Question –
Let $a, b, c$ be non-negative real numbers. Prove that
$$
a^{2} \sqrt{b^{2}-b c+c^{2}}+b^{2} \sqrt{c^{2}-c a+a^{2}}+c^{2} \sqrt{a^{2}-a b+b^{2}} \leq a^{3}+b^{3}+c^{3}
$$
my doubt –
author writes
Applying AM-GM inequality, we have
$\sum_{c y c} a^{2} \sqrt{b^{2}-b c+c^{2}}=a \sqrt{a^{2}\left(b^{2}-b c+c^{2}\right)} \leq \frac{1}{2} \sum_{c y c} a\left(a^{2}+b^{2}+c^{2}-b c\right)$
but how we can apply am-gm if there is negative term inside ??? can someone clear this step that how they apply am-gm and got this result..
thankyou
Best Answer
@User88463: For example, look at the term $a^2\sqrt{b^2-bc+c^2}=a\sqrt{a^2(b^2-bc+c^2)}$. Then you simply apply AM-GM to the term $\sqrt{a^2(b^2-bc+c^2)}$: In particular, since you have $2$ non-negative terms, which are $a^2 $ and $b^2-bc+c^2$ respectively, by applying AM-GM to these $2$ terms, you will obtain: $$\frac{a^2+(b^2-bc+c^2)}{2} \ge \sqrt{a^2(b^2-bc+c^2)} \iff \sqrt{a^2(b^2-bc+c^2)} \le \frac{a^2+(b^2-bc+c^2)}{2} $$
Which is simply your AM-GM with $2$ variables.

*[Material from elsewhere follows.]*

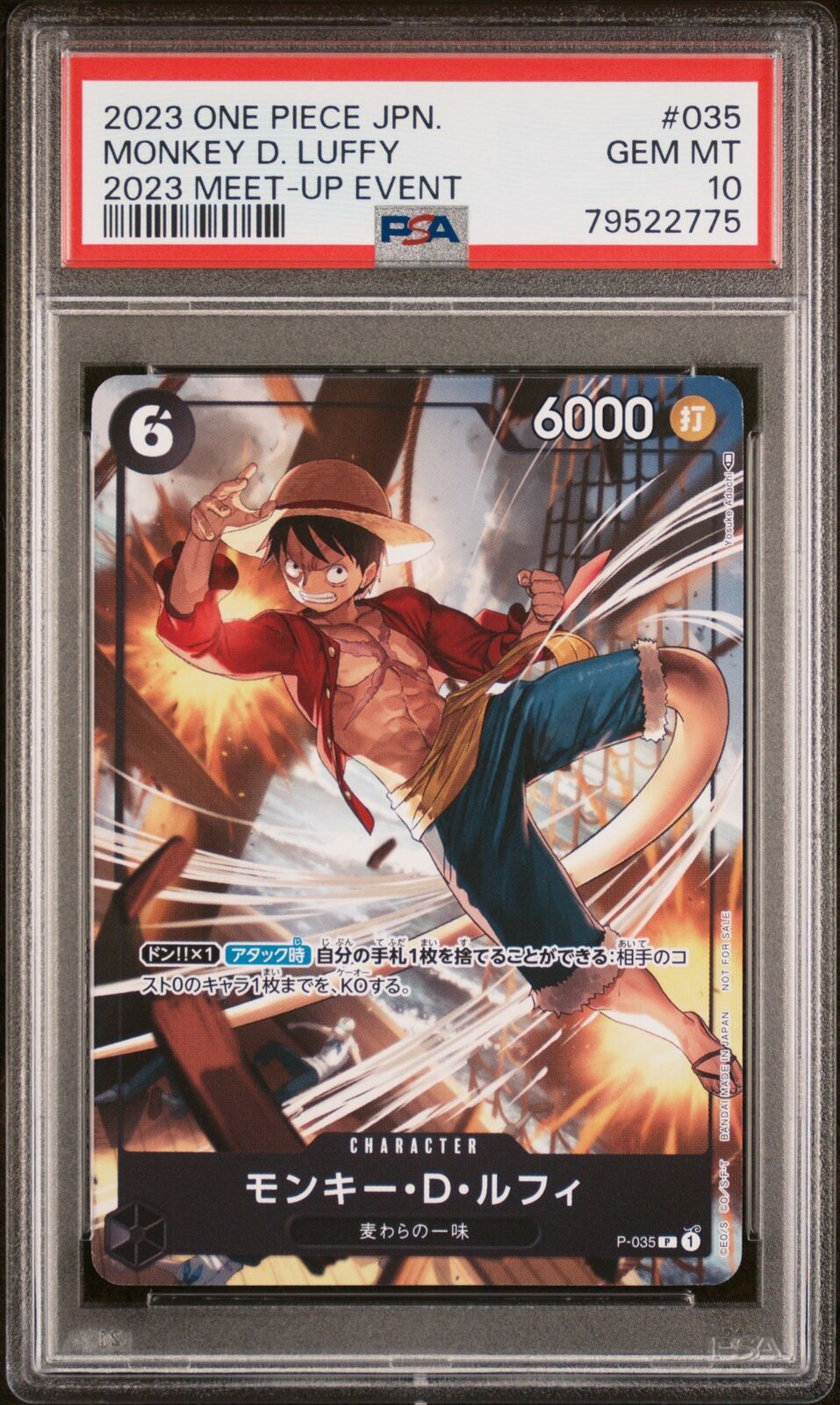 PSA 10 GEM MINT JAPANESE ONE PIECE 2023 MONKEY D. LUFFY P-035 PROMO 2023 MEET EV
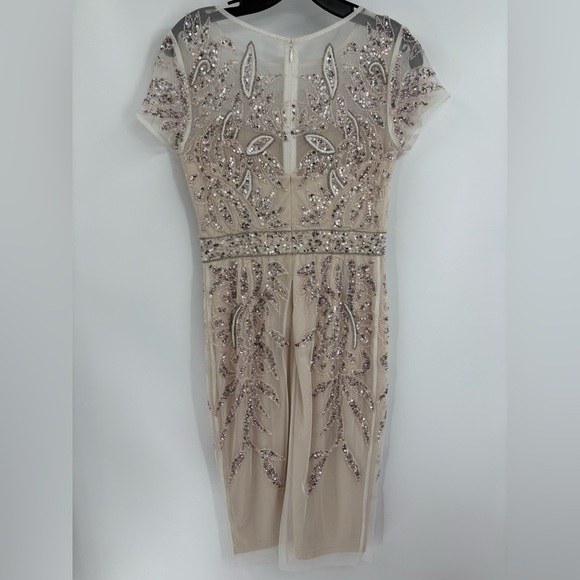 adrianna papell Embellished Mesh Sequin Cocktail wedding Formal Gown dress 2 NWT - Picture 6 of 16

If you still cannot see it, let $A=a^2$ and $B=b^2-bc+c^2$, so in reality you actually have $\frac{A+B}{2} \ge \sqrt{AB}$. Multiplying by $a$ on both sides of your inequality, you will obtain: $$a\sqrt{a^2(b^2-bc+c^2)} \le \frac{a(a^2+b^2+c^2-bc)}{2} $$
Thus: $$\sum_{cyc} a^{2} \sqrt{b^{2}-b c+c^{2}}=\sum_{cyc}a \sqrt{a^{2}\left(b^{2}-b c+c^{2}\right)} \le \frac{1}{2} \sum_{cyc} a\left(a^{2}+b^{2}+c^{2}-b c\right)$$